La stagione successiva, senza Udovicich in campo, il Novara retrocesse in Serie C dopo sette campionati cadetti consecutivi e per il club (ed i suoi tifosi) iniziò un "calvario" terminato solo il 25 aprile 2010 con il ritorno della squadra in Serie B dopo trentatre anni consecutivi tra Serie C, Serie C1, Serie C2, Lega Pro e per qualche settimana, nell’estate 1990, anche la Serie D (se non che il Novara fu ripescato).
Udovicich dopo il ritiro ha fatto il bancario e non è mai mancato una volta in viale Kennedy, la "casa" del Novara intitolato alla memoria di Silvio Piola dal 1997.
Oggi quando si pensa alle "bandiere", si pensa a calciatori che si farebbe fatica a pensarli con altre maglie. Ed in alcuni casi si riderebbe (in senso ironico) nell’immaginarli con altre maglie.
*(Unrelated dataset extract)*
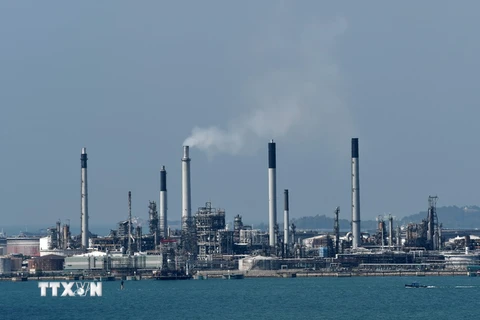 Cơ sở khai thác dầu trên đảo Bukom, ngoài khơi Singapore ngày 19/2. (Nguồn: AFP/TTXVN)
L’elenco è lungo, ma in questo elenco Giovanni Udovicich da Fiume ma nuares d’adozione ci entra in tackle ed in scivolata, come quando calcava i rettangoli verdi di tutta Italia.
Addirittura nel 2011, per il ritorno in Serie A del Novara, qualche tifoso azzurro voleva che la dirigenza tesserasse solo per una partita l’allora 71enne "Nini", farlo giocare anche solo un secondo per fargli dire: "ce l’ho fatta a giocare in Serie A con il Novara finalmente". Ovviamente non si poté ma Udovicich non mancò mai alle partite casalinghe del Novara.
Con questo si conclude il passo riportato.